The second for me is an integral part of the first and I'm not saying Morris doesn't recognise this or in some ways discuss it. However I thought it was worth making it really explicit. Simply put, big things are not small things made large.

Probably the best piece on this in management literature is the classic 1972 Harvard Business Review article by Larry Greiner Evolution and Revolution as Organizations Grow which discusses the differences between moments of smooth evolution and disruptive revolution based on the age and size of an organization. The idea that the small and the large don't work in the same way is fundamental in physics, in the difference between Newtonian mechanics and the strange world of quantum mechanics (for a musical version of this have a look at the Symphonies of Science the Quantum World).

And in Morris' text what I see lurking is that large countries are not big small countries, if I can mush all of that together. Or to put it another way, the scaling of companies into national economies and from national economies to the global economy involves scaling steps that are discontinuous.

This is very important when trying to understand commentary on the nature of the current recession and the actions that are being taken (or not) to try to reignite growth. How the narrative on how to address the problems is structured depends on what scale you're used to working at. Paul Krugman wrote about this in a direct way in his 1996 piece, again for Harvard Business Review, A Country is Not a Company, where he strongly argued for not following the instincts of CEOs of large companies in terms of economic policy.

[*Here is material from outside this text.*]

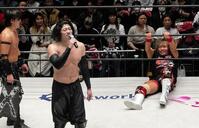 前哨戦を制したＯＺＡＷＡ（左から２人目）はマイクで毒舌攻撃を浴びせ、内藤哲也（右）も思わず苦笑いする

It may also point to significant fault lines in economics, between those trying to work up from the microeconomics of companies to the macroeconomics of countries. Maybe, again in parallel to physics, there is no grand theory of everything.

Best

F

Friday, 30 September 2011

Industrial policy back in the Economist

At the risk of being a cracked record, countries need to consider industrial policy anew. Interestingly even the Economist is looking at industrial policy arguments and is willing to engage in debate on the issues. A new column discusses recent papers by Rodrik and others being relatively open to the arguments made about positive versus negative paths of innovation. 


However the slight bias for the Economist comes out towards the end ...
In effect, Mr Rodrik and others are arguing that industrial policy requires disinterested, benevolent policymakers who can do it well. Unfortunately, they do not yet have a recipe for how such policymakers can be created. Policy is made by real people with political and personal motivations. What they come up with is unlikely to be as well designed as the ones in the models.
Rodrik has argued elsewhere that industrial policy is an ongoing dialogue and depends on input from industry as much as from policymakers. But I am struck by the argument as it could be reflected into the economy generally. The market is embedded in society, designed and bounded by the laws of each country and a set of norms (those criticised by Ed Milliband in his recent Labour Party conference speech). If policymakers cannot be expected to be perfect designers of industrial policy, let's not assume that financial engineers and captains of industry are perfect decision makers either. 


How can such policymakers be created? Well in the UK a step forward is to provide stronger training, as with the new Blavatnik School of Government opening at Oxford, and to have a more transparent policy process that engages a broad conversation rather than trying to keep everything under the covers. By taking us away from the images of Sir Humphrey and into a more professionalised policy process we can hope for better outcomes.


In the meantime let's be grown up and have a realistic conversation on industrial policy that is not trapped in the tropes of the 80s.